◆ **Assignment**: With the images set aside, retype every record below character for character.

◆ **Records provided**:
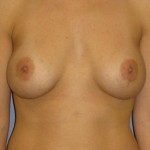 Breast Augmentation Before & After Patient #3883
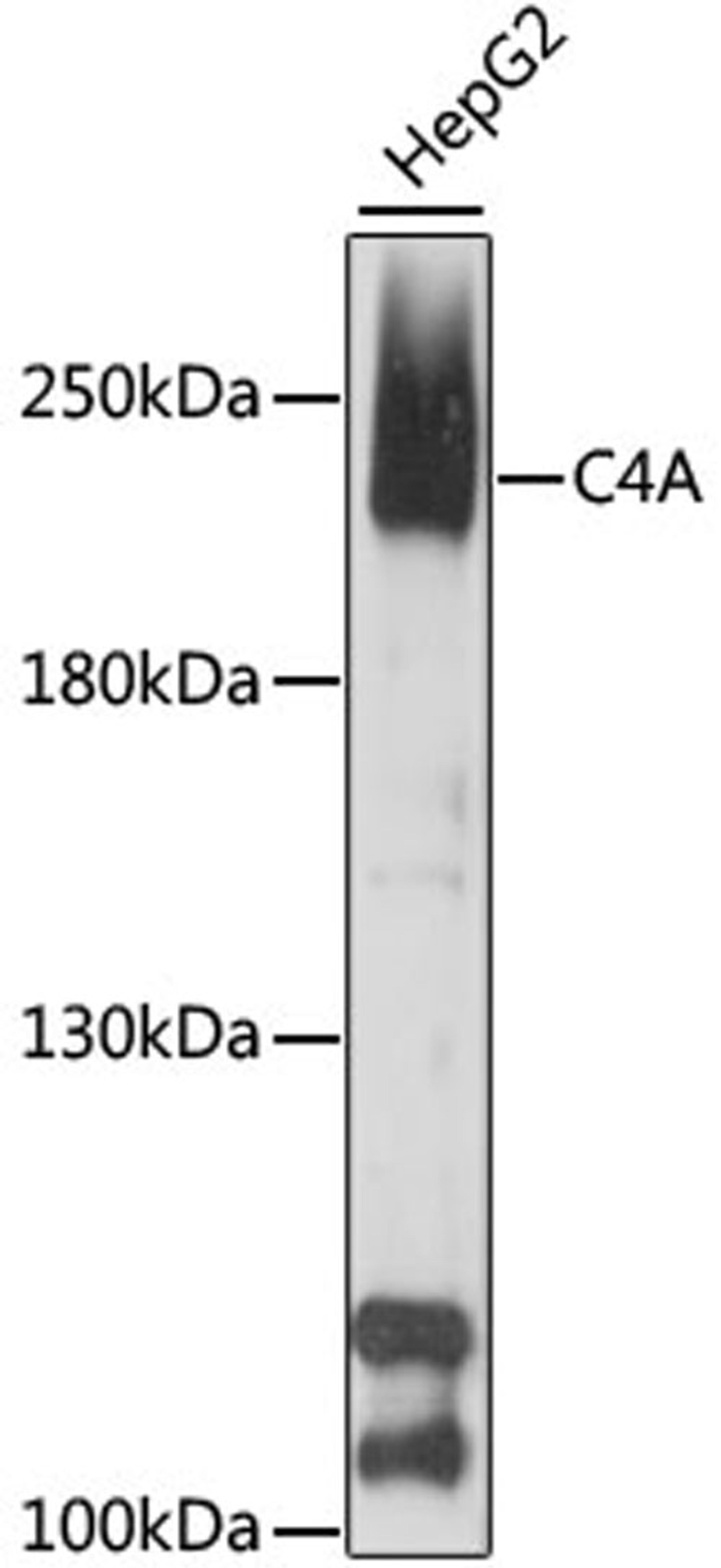 Western blot - C4A antibody (A9511)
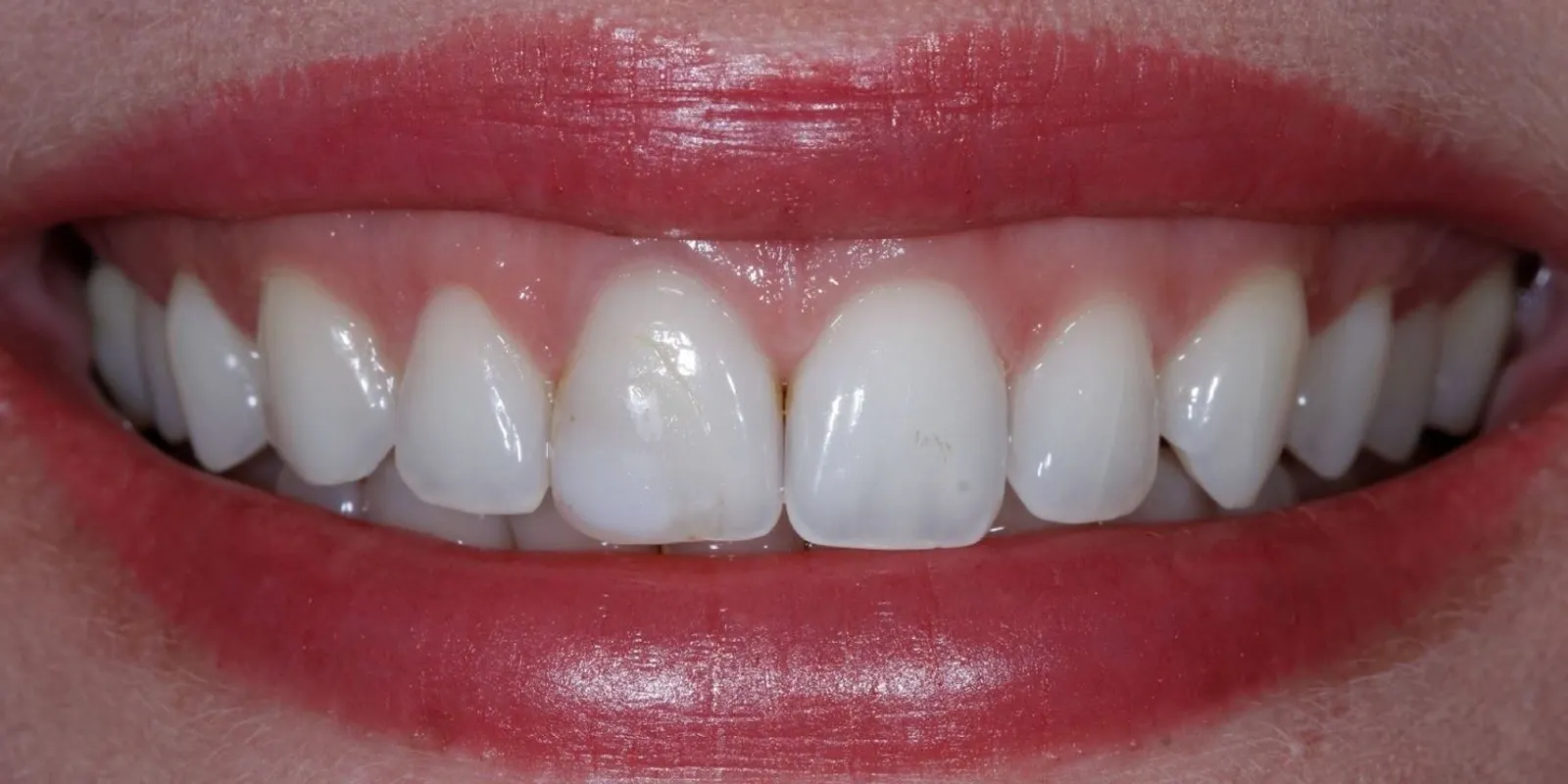Sorriso com planejamento estético, antes do tratamento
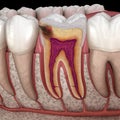 Hidden caries in to molar tooth. Medically accurate 3D illustration Royalty Free Stock Photo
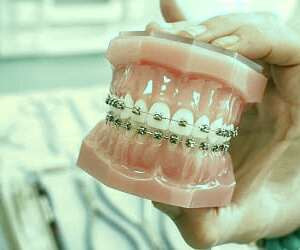 چه مدت زمان لازم است برای درمان ارتودنسی؟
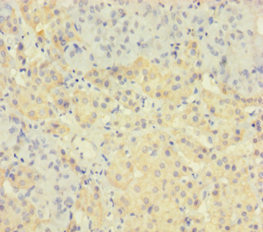 TAF12 Antibody - Immunohistochemistry of paraffin-embedded human adrenal gland tissue using TAF12 Antibody at dilution of 1:100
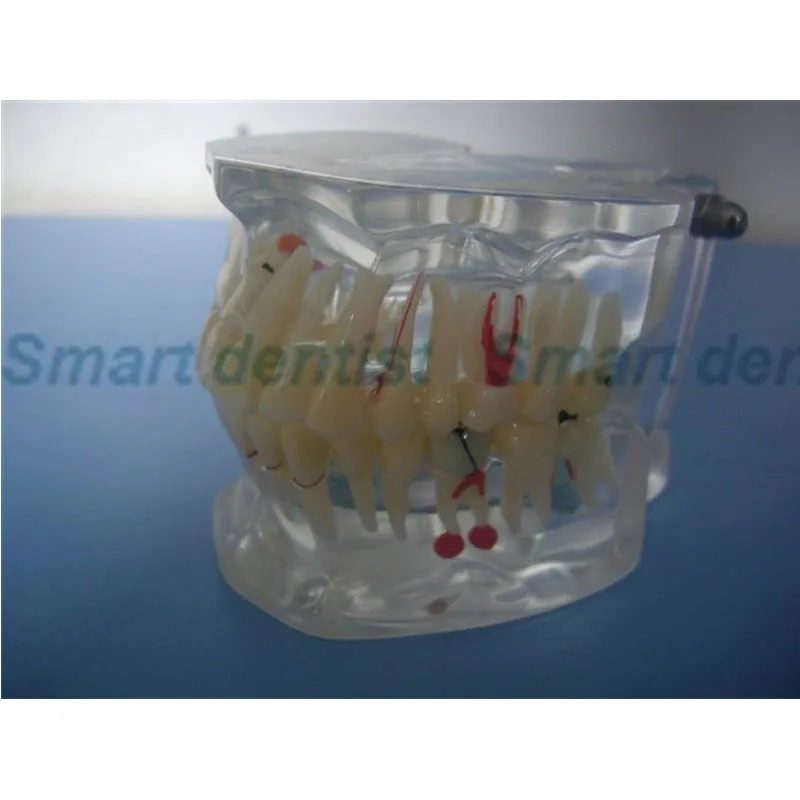 

2016 KQT-K053,Comprehensive pathology crystal dentition model,transparent teeth models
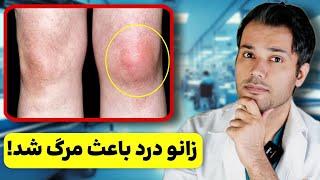 زانو دردی که منجر به یک تشخیص شوکه کننده شد️علت ترسناک زانو درد این بیمار چی بود؟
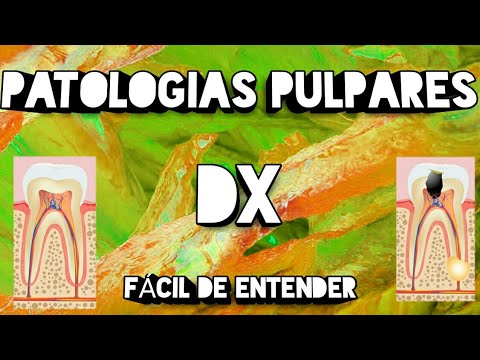 Patologías Pulpares -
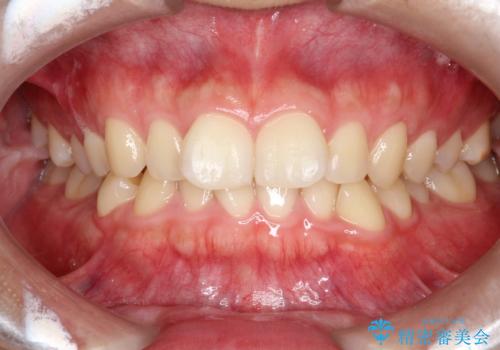 マウスピース矯正で前歯のガタツキを改善!　短期間で治療完了の症例 治療前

◆ **Answer below**:
 Breast Augmentation Before & After Patient #3883
 Western blot - C4A antibody (A9511)
Sorriso com planejamento estético, antes do tratamento
 Hidden caries in to molar tooth. Medically accurate 3D illustration Royalty Free Stock Photo
 چه مدت زمان لازم است برای درمان ارتودنسی؟
 TAF12 Antibody - Immunohistochemistry of paraffin-embedded human adrenal gland tissue using TAF12 Antibody at dilution of 1:100

2016 KQT-K053,Comprehensive pathology crystal dentition model,transparent teeth models
 زانو دردی که منجر به یک تشخیص شوکه کننده شد️علت ترسناک زانو درد این بیمار چی بود؟
 Patologías Pulpares -
 マウスピース矯正で前歯のガタツキを改善!　短期間で治療完了の症例 治療前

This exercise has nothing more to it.